The current default “Homepage” value is “All”. That makes sense for users with zero subscribed magazines, so they see something.
But for users with one or more subscribed magazines, the default value for “Homepage” needs to be “Subscriptions”.
That’s partially just because subscriptions mean little if the default frontpage ignores them. But there’s a more important reason than that.
The current situation is that posts in m/Conservative are heavily downvoted, and barely upvoted. (Whatever your politics may be, consider if this was happening to you.) As more ex-redditors join, this problem is likely to worsen.
Eventually moderators need better controls, to say things like “Only members can vote”, etc.
But for now, a very easy fix is to change the default value of “Homepage” to be “Subscriptions”. Of course, “All” should still be a selectable option for those who prefer it.
This level of control is generally handled at the instance level.
If you want to host a magazine and control interactions on it, host your own instance.
There should only be one instance IMHO. And it should be able to support widely diverse communities.
I mean, not to be rude, but if you just want a single instance with many communities, you’re describing Reddit.
Correct. Many of us who left reddit for kbin are fed up with reddit’s governance and policies, not its platform architecture. Kbin seems to have been chosen as the world’s probable reddit replacement, so here we are.
Fair enough, honestly.
kbin is part of the Fediverse. It is one instance of many.
I draw your attention to the sidebar:
Create your own instance Clone repo and develop fediverse
Several communities who have more difficult interactions with others have already followed this route.
Encouraging fracturing into factions does no good for anyone. The internet needs a frontpage, and for years that was reddit. Now it seems to be kbin, maybe. Under the hood it may be a distributed system, but in practice normal people want a single website where a wide diversity of topics and opinions is embraced and protected.
Does it though? The Fediverse feels a lot different to Reddit, which many here are taking as a positive. As others have mentioned, if you want a conservative safe space then go make one.
Maybe, but it won’t be kbin, or other Fediverse sites.
It’s a common enough opinion to want one site to handle everything, but that’s not how this is set up.
Honestly I think it is. Much as the underlying architecture expects federation, each instance competes in a market of commoditized goods, which leads to coalescence. So if the fediverse thrives at all, it will be with one giant instance. Perhaps there’ll always be a few other tiny instances for nerds (I use the word lovingly) who value that sort of thing, but normal people don’t understand the concept of an “instance”, and just want to show up at a .com to feast on data.
At any rate, even if you’re right about federation, any social media service should seek to accommodate a wide diversity of ideas, opinions, and perspectives.
Any user on one instance can interact freely with users and content on another instance as if they were on that instance, unless there are specific restrictions put in place, or one of the two instances has blocked the other. This is rare and often to prevent brigading, as your main post complained of.
So, not really. Normal people understand the concept of email. I don’t agree with the “It’s too complicated” suggestion. It’s been presented confusingly in this mad rush, sure.

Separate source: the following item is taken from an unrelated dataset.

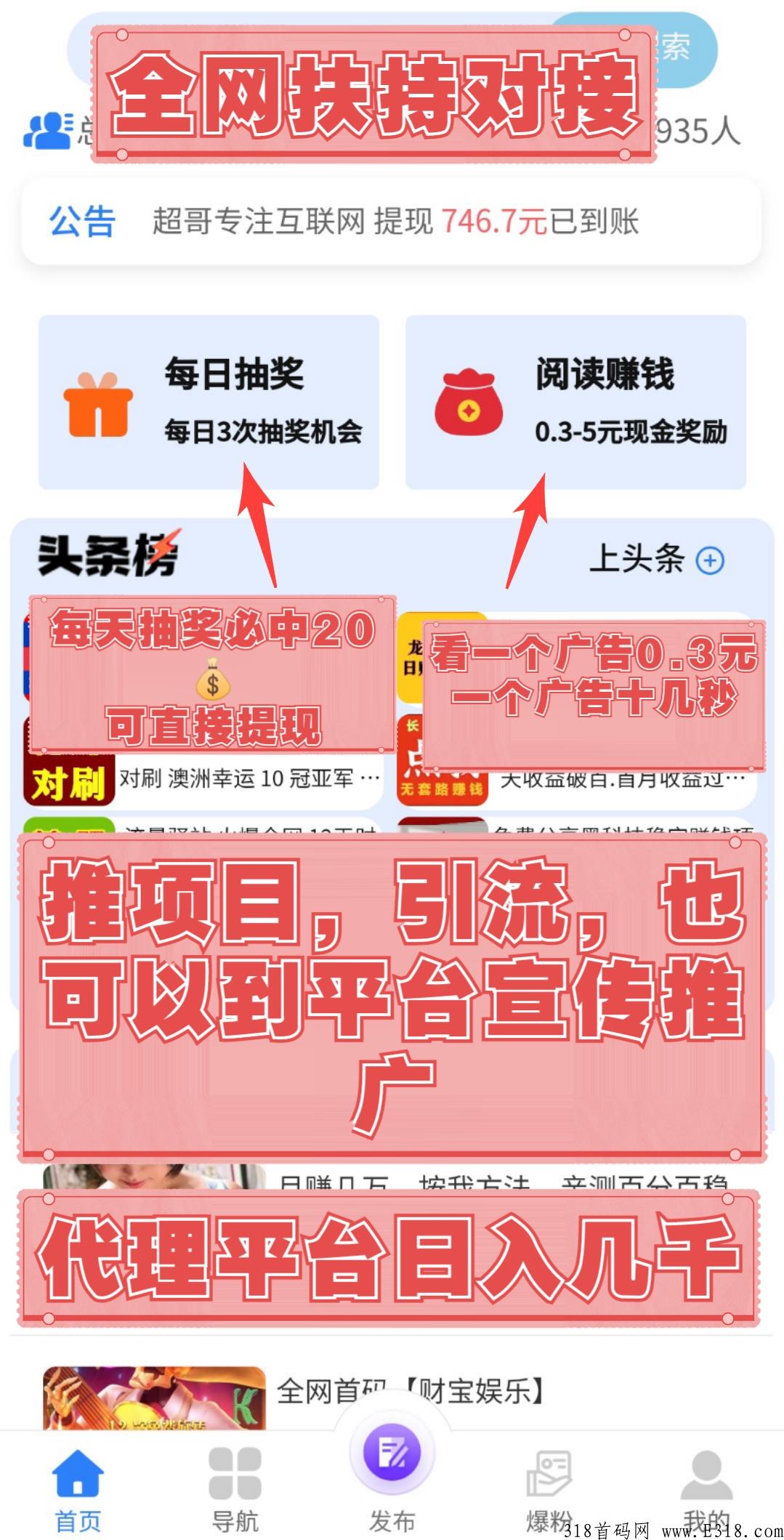 流量王，首码广告平台，免单扶持送级别。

I think that’s entirely up to each instance. Not every instance has to be about everything or for everyone. Again, that’s the point.
With regard to federation, that’s true, but consider the bigger picture. A major news outlet discusses the up-and-coming website kbin, and a hundred million people show up to create an account. A popular search engine returns search results linking to kbin, and nobody says “I could click on that, but I have an account at some other instance, so I’ll just manually edit the URL.” The bigger picture is that the world wants a single instance.
With regard to the diversity of of ideas, opinions, and perspectives being up to each instance, I suppose I agree with you in principle, though I would find it deeply disappointing if any platform intentionally wanted to create a hivemind and actively silence dissenting voices. But if that’s where I am, then I suppose I’ll have to leave.
I think this is a valid issue and I think it’s something that deserves some attention if it isn’t on the mind of developers already.
From a generic developer perspective I see no reason why it would be impossible or even that difficult to improve the roaming experience.
They don’t really need to understand the concepts of an instance within the federation system because ultimately you join whatever instance you want and search and then you can subscribe to anything you want it doesn’t matter whether it’s a one entire instance or one tiny instance in the federation.
There are already many observable instances (pardon the pun) of confusion, even among us early adopters. Time will tell if you’re right or if I am.